Hidden Gem Napa Cabernet Steeped in Pedigree

Chris Phelps, who learned to make wine at Petrus in 1982, and has since authored wines for Napa icons Dominus, Caymus, and Inglenook, is dialed in to some of Napa’s best Cabernet. His Ad Vivum is 100% Cabernet drawn off the Sleeping Lady Vineyard in Yountville, a tiny site known only to top winemakers who have been granted access — the likes of Philippe Melka, Julian Fayard, Benoit Touquette, and Phelps. Thanks to Chris’s Midas touch, his 2014 Ad Vivum is simply gorgeous: richly layered and teeming with crushed black fruits, violets, and tobacco spice bolstered by impeccable fine-grained tannins.

The venerable critic Robert Parker met Chris Phelps in the 1980s, when Phelps was working for Christian Moueix at Dominus.

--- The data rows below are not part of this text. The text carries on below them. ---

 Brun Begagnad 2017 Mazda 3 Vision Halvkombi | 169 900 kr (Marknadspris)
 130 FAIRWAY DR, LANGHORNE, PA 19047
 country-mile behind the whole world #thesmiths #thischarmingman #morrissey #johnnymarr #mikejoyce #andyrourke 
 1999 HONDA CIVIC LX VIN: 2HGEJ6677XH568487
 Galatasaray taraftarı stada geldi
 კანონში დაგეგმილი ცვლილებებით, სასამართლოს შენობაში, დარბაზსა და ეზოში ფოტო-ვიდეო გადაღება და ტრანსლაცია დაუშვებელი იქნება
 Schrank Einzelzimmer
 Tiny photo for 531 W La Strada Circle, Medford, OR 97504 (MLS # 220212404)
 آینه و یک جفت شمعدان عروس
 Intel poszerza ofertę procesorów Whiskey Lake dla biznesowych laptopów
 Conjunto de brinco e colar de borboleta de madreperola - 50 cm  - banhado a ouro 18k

In a recent review of Ad Vivum, The Wine Advocate founder marveled at Phelps’s “impressive resume.” It’s been fun watching Chris add to that already impressive resume over the years, with a veritable Who’s Who of Napa clients seeking him out. But his own Ad Vivum label is where he gets to put his own stamp on Napa Cabernet. We feel lucky to have heard just a small fraction of the stories Phelps could tell from summers visiting Right Bank cellars and tasting with some of the most iconic producers of legendary Bordeaux wine. That’s just not his way. Perhaps his humility and willingness to let his masterful wines speak for themselves have kept his profile lower than other winemakers only too happy to toot their own horns, but savvy Napa Cabernet collectors know.

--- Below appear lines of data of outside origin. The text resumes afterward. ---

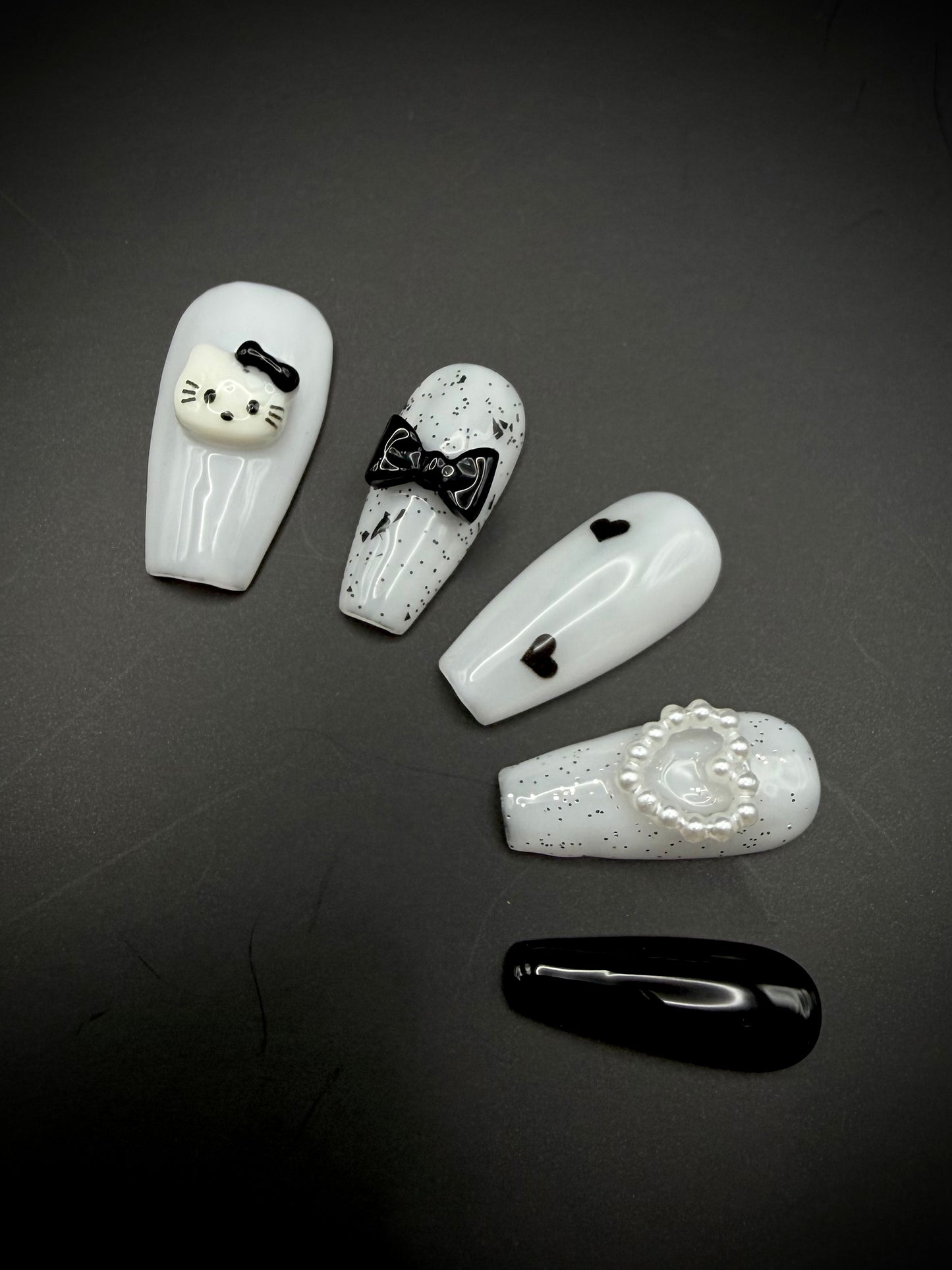 Hello Kitty Black & White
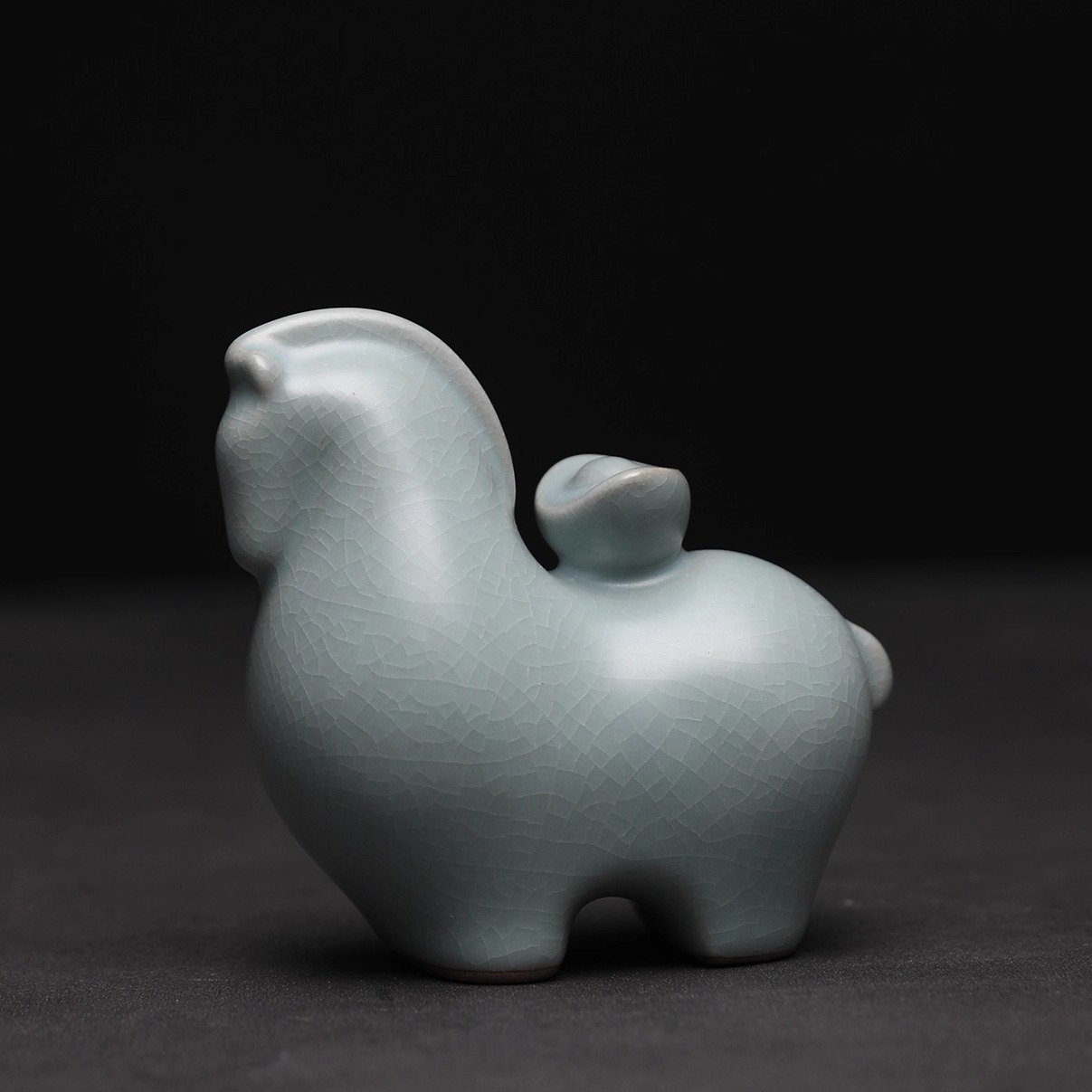 汝窑生肖马上有钱封侯茶宠摆件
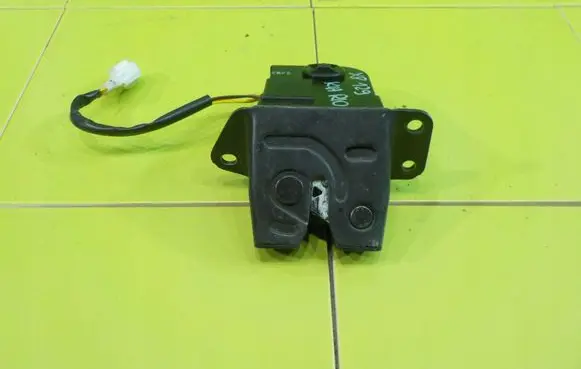 KIA Rio Tailgate exterior lock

In 1990, Phelps struck a deal with Larry Bettinelli, a fifth-generation farmer and owner of Sleeping Lady Vineyard. Bettinelli would provide 1 or 2 tons of fruit each vintage from various Napa vineyards he owned or farmed, and Phelps would make experimental lots of wine to help assess different clones, row orientations, trellis systems, and other aspects of vineyard design. In 2005, Phelps began working with Sleeping Lady Cabernet on a purely experimental level. In 2007, he convinced Bettinelli to contract a small block at Sleeping Lady to him for the production of Ad Vivum. As a result of their mutual efforts, Sleeping Lady has become an iconic source of world-class Napa Cabernet, with superstar winemakers like Melka, Fayard, and Touquette now locked into their own long-term contracts.

But Phelps’s Cabernet off Bettinelli's coveted acres has been labeled the gold standard, inspiring Vinous founder Antonio Galloni to write that Phelps’ unreleased next Ad Vivum vintage  “is also arguably the reference-point wine from the Sleeping Lady vineyard.” Translation: any future allocation may be even smaller.

So, picture 10 barrels of wine, and imagine a tall, slender, intensely focused Chris Phelps tending to each of those 10 barrels, over the course of two years, prior to bottling. From Napa’s extraordinary 2014 vintage, as far as under-the-radar finds go, it doesn’t get any better than Ad Vivum — “where wine and life meet.”